At a pivotal moment in Africa’s energy journey, civil society leaders, technical experts, private sector actors, and development finance institutions convened at a high-level side event titled “Energy4Real: How Civil Society Can Engage to Ensure Mission 300 Delivers on Energy Access in Africa”, held on the margins of the African Development Bank’s Annual Meetings in Abidjan.
Co-hosted by the African Coalition for Sustainable Energy and Access (ACSEA), the Pan-African Climate Justice Alliance (PACJA), and the Bank-Civil Society Coalition on Climate Change and Energy, the event produced a bold and unified communiqué, asserting civil society’s critical role in delivering a truly transformative energy future for the continent.
Reaffirming the Urgency and Redefining the Approach
Mission 300’s goal of connecting 300 million people in sub-Saharan Africa to electricity by 2030 is a commendable ambition.
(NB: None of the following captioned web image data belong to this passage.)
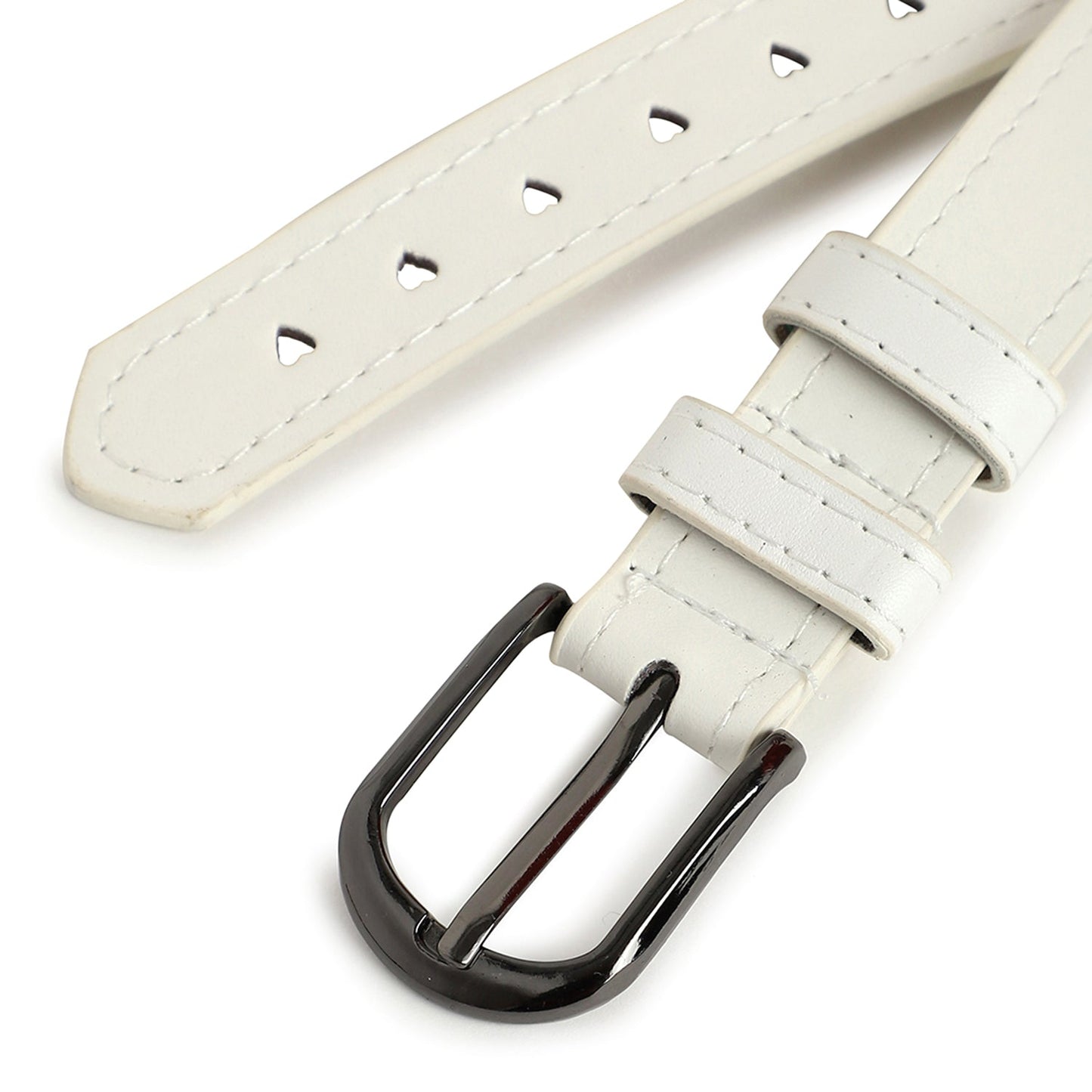 White Solid Waist Belt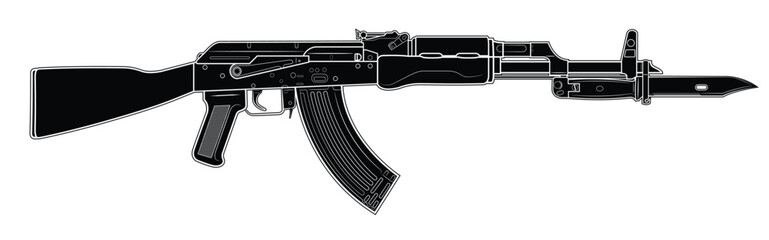 Vector illustration of soviet AK47 assault carbine with bayonet. Black. Right side.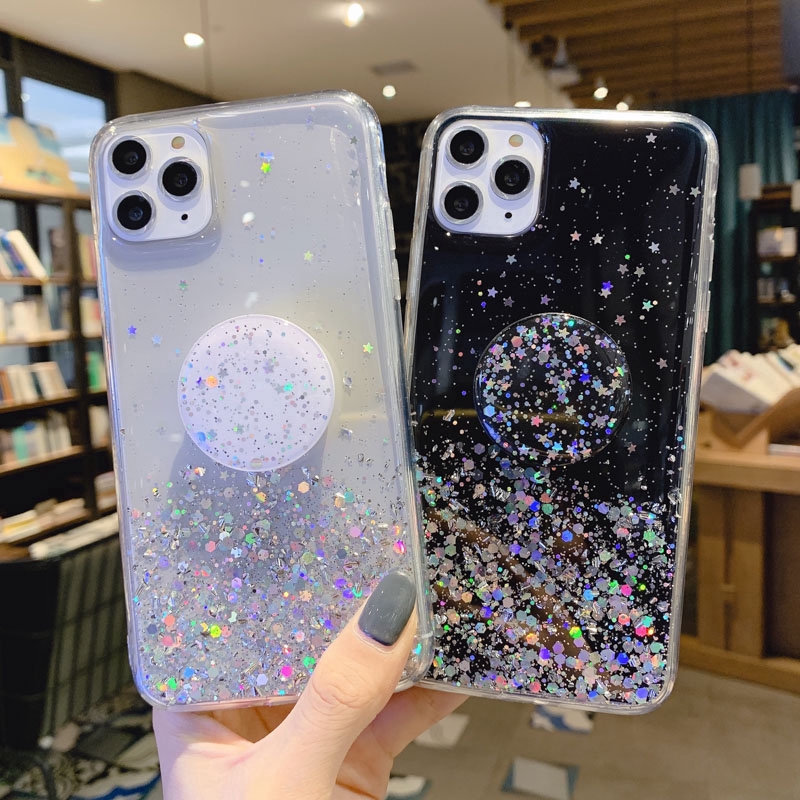 Ốp Lưng Họa Tiết Ngôi Sao Lấp Lánh Kèm Giá Đỡ Cho Iphone 6s 6 6s Plus 7 8 Plus 11 Pro Max Xs X Xr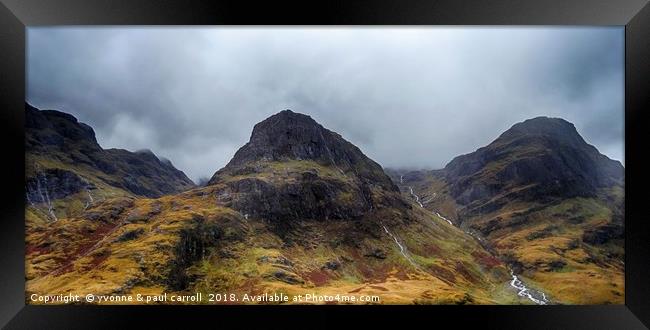 Glencoe mountains taken from the roadside Framed Print by yvonne & paul carroll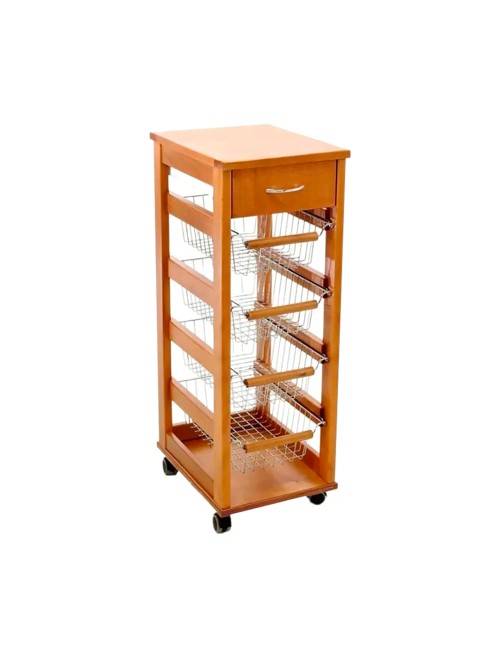 Carrello da cucina salvaspazio 4 cestini estraibili e cassetto Vesuvio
However, participants emphasised that infrastructure alone does not equal impact. Without deliberate, institutionalised civil society engagement, the initiative risks repeating past top-down energy models that marginalised communities, reinforced inequities, and failed to deliver long-term change.
The communiqué affirms that energy access must be people-centred, rights-based, and accountable, anchored in inclusivity, transparency, and local ownership.
Key Outcomes and Demands
Participants issued the following key recommendations to the African Development Bank, the World Bank, and other stakeholders:
- Adopt the “From Margins to Mandate” Framework
The four-pillar framework provides a clear, actionable pathway for embedding civil society in the governance and delivery of Mission 300:
Governance and Representation
Programmatic Co-Implementation
Monitoring, Evaluation, and Learning
Advocacy and Policy Influence
- Redefine Partnerships
Move beyond conventional Public-Private Partnerships (PPPs) toward Public-Private-Community Partnerships (PPCPs), a model that values communities not as beneficiaries, but as full partners in design, delivery, and oversight.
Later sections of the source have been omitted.